■ GOAL OF THE EXERCISE
Copy the entries exactly. Their pictures do not belong in the copy.

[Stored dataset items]
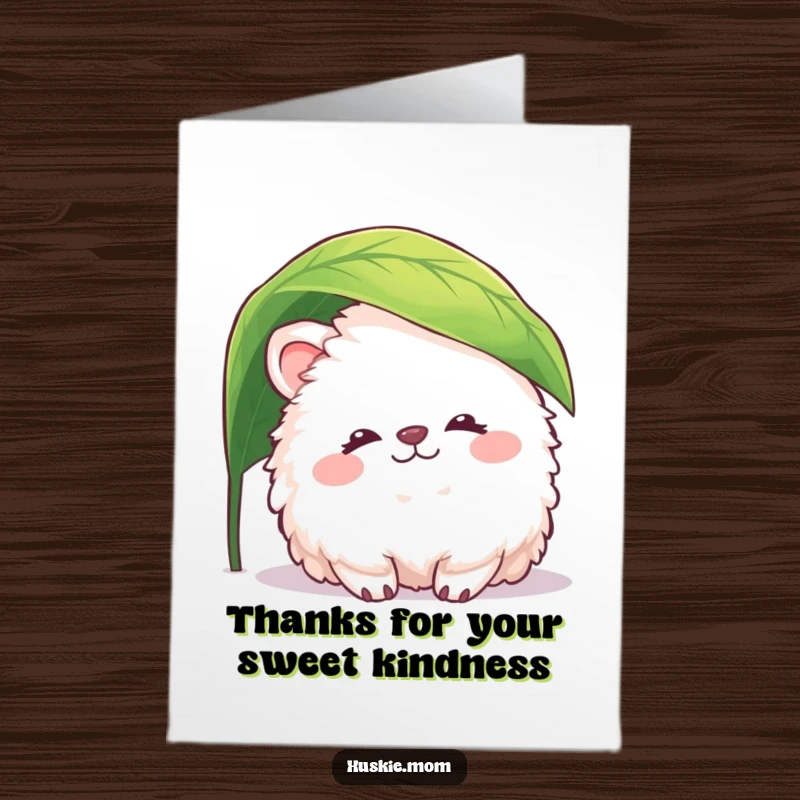 Funny Free Printable Thank You Card: Fluffy animal with peaceful smile peeking from under a leaf, perfect downloadable thank you.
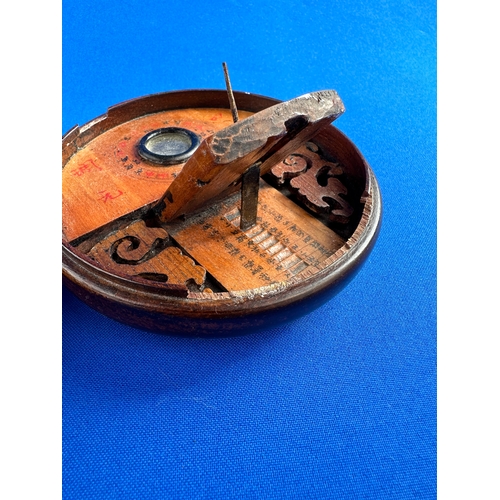 254 - Chinese Quing Dynasty Exotic Wood Pocket Compass & Sundial. a/f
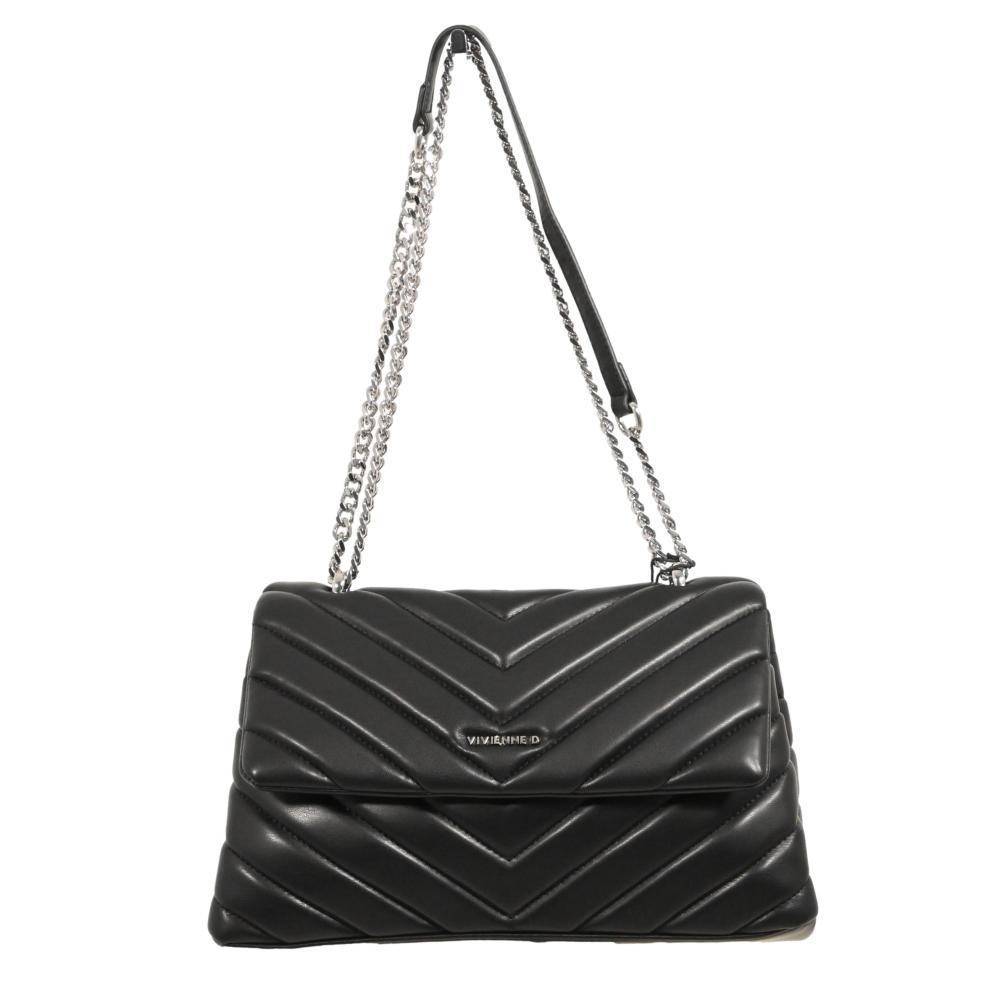 Borsa a spalla donna Vivienne D, nero, tracolla a catena, design matelassé chevron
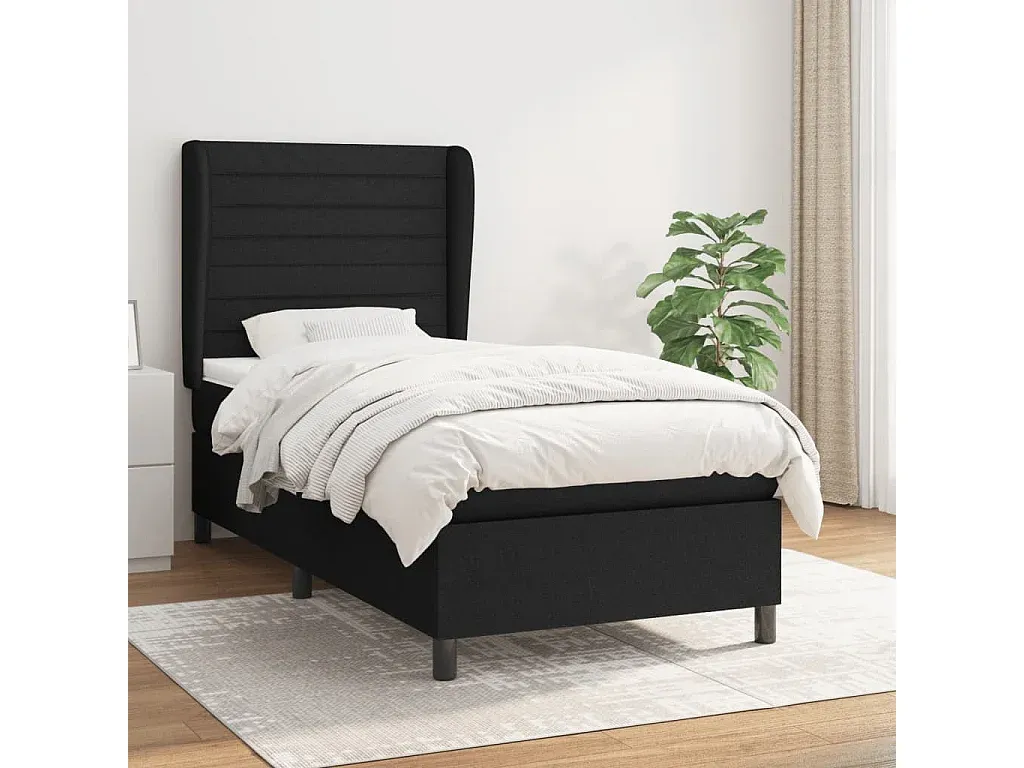 Komfortables Boxspringbett mit Matratze in Schwarz, 80x200 cm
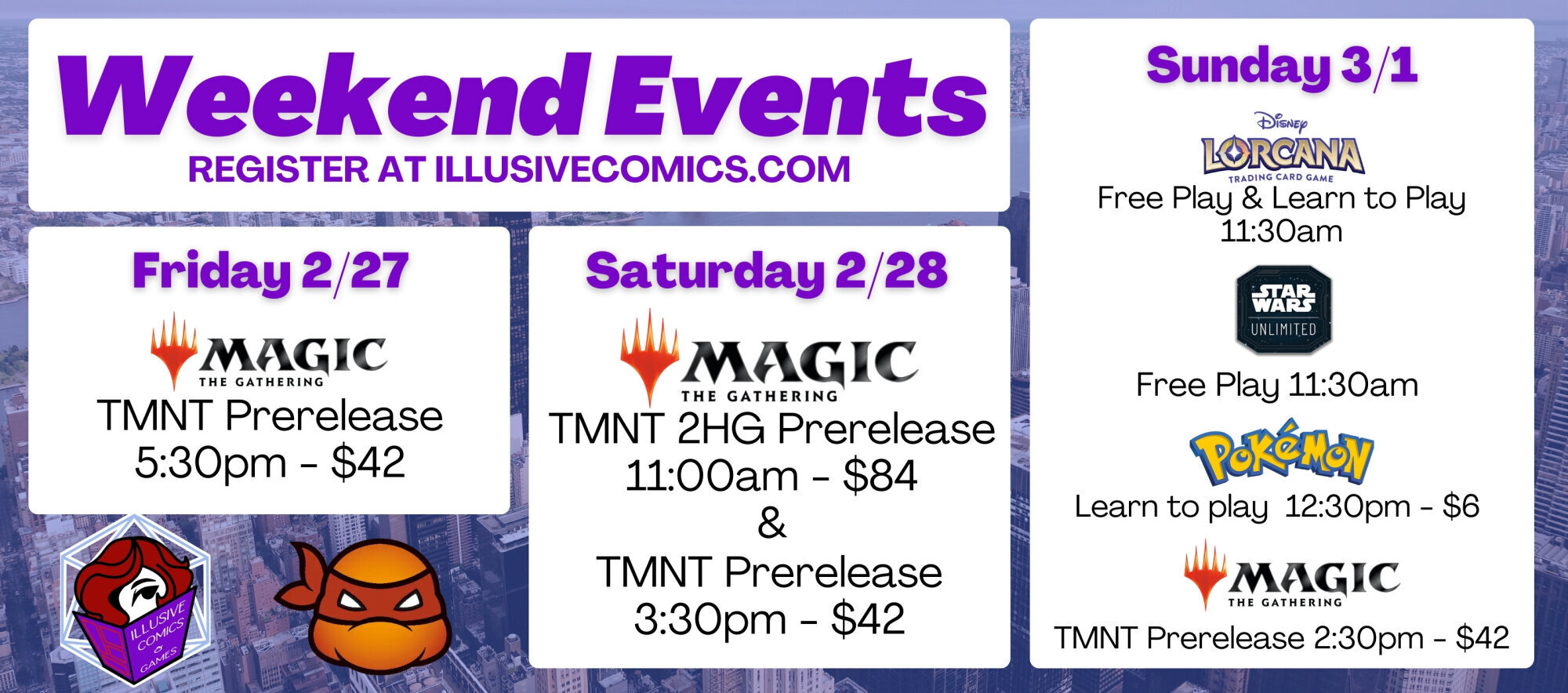 Calendar of this weekend's Illusive's events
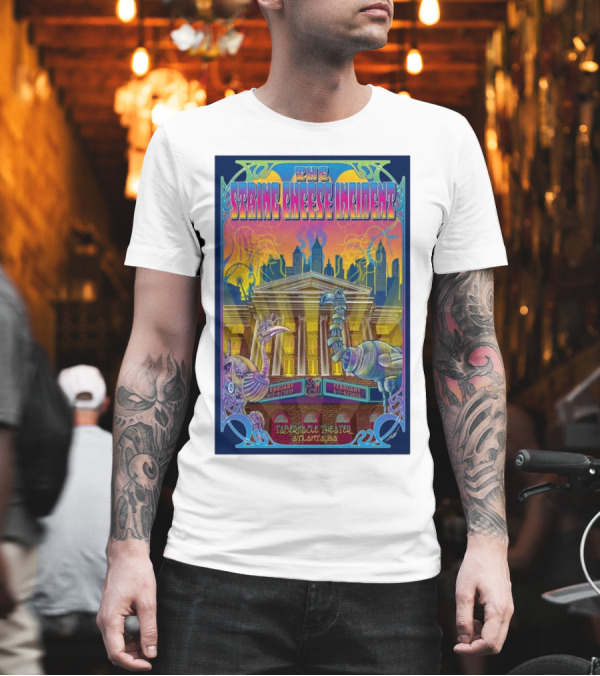 The String Cheese Incident Tabernacle Theater Atlanta GA February 6-8 2025 Psychedelic With Vibrant Creatures And Cityscape T-Shirt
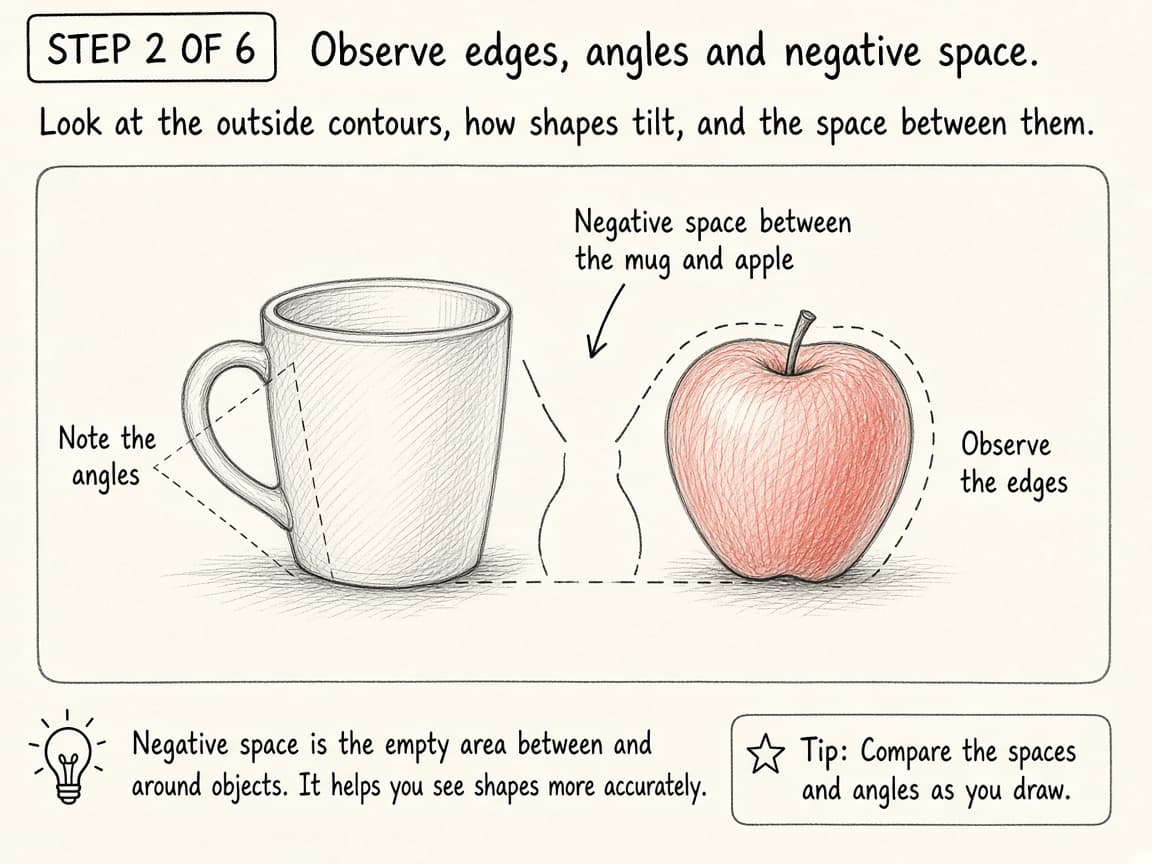 Sketch showing negative space between mug and apple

■ YOUR RESPONSE
 Funny Free Printable Thank You Card: Fluffy animal with peaceful smile peeking from under a leaf, perfect downloadable thank you.
 254 - Chinese Quing Dynasty Exotic Wood Pocket Compass & Sundial. a/f
 Borsa a spalla donna Vivienne D, nero, tracolla a catena, design matelassé chevron
 Komfortables Boxspringbett mit Matratze in Schwarz, 80x200 cm
 Calendar of this weekend's Illusive's events
 The String Cheese Incident Tabernacle Theater Atlanta GA February 6-8 2025 Psychedelic With Vibrant Creatures And Cityscape T-Shirt
 Sketch showing negative space between mug and apple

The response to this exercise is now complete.